20 ay önce Emniyet’te yapılan sorgusunda, iddianamede yer alan finansman aktarımı ve örgüt ilişkileriyle ilgili iddialar sorulmadığına dikkat çeken Kavala, “Dolayısıyla bunlarla ilgili açıklama yapma imkanı verilmedi. Sorgumda, Gezi Olayları ile ilgili konu edilen tek bulgu, Gezi Olayları’ndan 3 ay sonra Brüksel’de açılan fotoğraf sergisi olmuştu. Savcı, iddianamede yer alan kurguyu hazırlamadan önce beni sorgulamaya gerek duymadı. Suçlu olduğuma dair kanaatin gözaltına alınmamdan önce kesinleştiğine ve somut olgulardan kopuk bir sabit fikir haline dönüştüğüne inanıyorum. Emniyetteki sorgumdan telefon görüşmelerimin dinlenmesine 30 Temmuz 2012 tarihinden itibaren başlandığı anlaşılıyor. Ancak Gezi Olayları’yla ilgili kanıt olarak sunulan konuşmaların tamamı Gezi protestoları başladıktan, çeşitli şehirlere yayıldıktan, kitlesel katılımlı gösteriler gerçekleştikten sonraki tarihlere ait. İddianamede bir kalkışma planı hazırladığıma, böyle bir plandan bilgi sahibi olduğuma dair hiçbir kanıt, bulgu, işaret mevcut değildir. Gezi Olayları’nın hazırlık aşamasında etkin olduğu iddia edilen OTPOR / CANVAS örgütlerinden hiç kimseyle tanışmıyorum, yine hazırlık aşamasında yer aldığı iddia edilen Mehmet Ali Alabora ile tek temasım, Gezi Olayları başladıktan sonra yapılan iki telefon konuşmasından ibarettir. İddianamedeki Haziran - Temmuz 2012 tarihleri arasındaki dış seyahatlerimin Gezi Olayları’nın hazırlığı amacıyla yapıldığı iddiası da temelsizdir. Bu seyahatlere, hangi toplantılar ve ne amaçlarla gitmiş olduğum gizli değildir” dedi.

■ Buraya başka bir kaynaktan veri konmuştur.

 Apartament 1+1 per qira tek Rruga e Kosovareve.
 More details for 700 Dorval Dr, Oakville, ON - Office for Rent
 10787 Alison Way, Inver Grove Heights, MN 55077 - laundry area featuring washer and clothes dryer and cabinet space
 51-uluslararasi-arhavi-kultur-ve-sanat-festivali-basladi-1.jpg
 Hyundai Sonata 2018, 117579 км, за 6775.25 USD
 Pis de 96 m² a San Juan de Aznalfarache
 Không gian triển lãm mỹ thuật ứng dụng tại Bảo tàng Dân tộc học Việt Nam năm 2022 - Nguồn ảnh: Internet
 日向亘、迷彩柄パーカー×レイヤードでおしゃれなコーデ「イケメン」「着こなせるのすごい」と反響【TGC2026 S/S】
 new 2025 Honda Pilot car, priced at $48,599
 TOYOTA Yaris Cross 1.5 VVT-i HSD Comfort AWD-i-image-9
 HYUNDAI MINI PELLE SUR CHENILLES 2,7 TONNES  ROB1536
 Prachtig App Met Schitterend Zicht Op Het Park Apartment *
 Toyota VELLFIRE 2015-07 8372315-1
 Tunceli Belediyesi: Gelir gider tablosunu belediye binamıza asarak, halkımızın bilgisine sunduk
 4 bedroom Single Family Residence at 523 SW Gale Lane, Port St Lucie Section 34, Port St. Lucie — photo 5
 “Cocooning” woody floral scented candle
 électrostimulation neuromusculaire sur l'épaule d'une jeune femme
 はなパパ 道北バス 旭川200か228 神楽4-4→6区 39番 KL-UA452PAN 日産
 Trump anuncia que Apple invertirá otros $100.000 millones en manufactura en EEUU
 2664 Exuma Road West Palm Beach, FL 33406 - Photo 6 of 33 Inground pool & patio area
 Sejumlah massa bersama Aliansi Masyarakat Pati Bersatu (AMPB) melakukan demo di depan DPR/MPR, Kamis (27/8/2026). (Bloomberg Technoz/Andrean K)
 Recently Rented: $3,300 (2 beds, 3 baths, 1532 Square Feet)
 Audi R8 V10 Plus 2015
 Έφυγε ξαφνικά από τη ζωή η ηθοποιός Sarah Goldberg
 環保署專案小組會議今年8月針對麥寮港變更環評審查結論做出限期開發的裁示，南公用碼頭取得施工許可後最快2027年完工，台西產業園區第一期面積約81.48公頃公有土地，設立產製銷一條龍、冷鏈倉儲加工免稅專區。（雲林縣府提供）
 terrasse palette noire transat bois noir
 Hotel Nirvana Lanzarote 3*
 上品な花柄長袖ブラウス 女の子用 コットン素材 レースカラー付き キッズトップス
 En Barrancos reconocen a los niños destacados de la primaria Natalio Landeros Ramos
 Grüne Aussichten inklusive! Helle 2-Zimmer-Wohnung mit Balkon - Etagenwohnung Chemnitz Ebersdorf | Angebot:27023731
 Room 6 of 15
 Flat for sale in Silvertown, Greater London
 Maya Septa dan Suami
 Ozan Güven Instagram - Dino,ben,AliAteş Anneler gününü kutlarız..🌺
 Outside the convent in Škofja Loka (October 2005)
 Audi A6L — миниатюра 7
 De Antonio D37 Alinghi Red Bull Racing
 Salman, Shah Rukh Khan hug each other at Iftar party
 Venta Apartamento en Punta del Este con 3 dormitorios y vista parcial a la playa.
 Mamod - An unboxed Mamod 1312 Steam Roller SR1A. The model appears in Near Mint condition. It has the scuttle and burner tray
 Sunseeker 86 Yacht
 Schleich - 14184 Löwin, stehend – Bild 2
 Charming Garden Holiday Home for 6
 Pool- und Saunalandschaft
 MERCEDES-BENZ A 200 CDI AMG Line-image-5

Osman Kavala'nın savunmasından satırbaşları şöyle:
“DELİL OLMADAN TUTUKLAMAK CEMAAT YÖNTEMİ, YİNE AYNISI YAPILDI”
“Savcı sorgumdan önce zaten benim suçlu olduğuma karar vermişti. Bir kalkışma planı hazırladığıma ya da böyle bir organizasyona dahil olduğuma dair tek bir delil yok. Kalkışma planı ve eylemini hangi örgüt adına yürüttüğüme dair iddianamede bir saptama dahi yok. İddianameye kaynaklık eden soruşturma ve dinlemeler yoluyla elde edilen konuşmaları delil diye değerlendirenler ve bu yönde rapor hazırlayanlar FETÖ suçlamasıyla tutuklanan ya da ihraç edilen yargı mensupları ve polislerdir. Somut delil olmadan kişileri suçlamak ve tutuklamak cemaat yöntemleridir ve şimdikiler de aynısının yapmışlardır.”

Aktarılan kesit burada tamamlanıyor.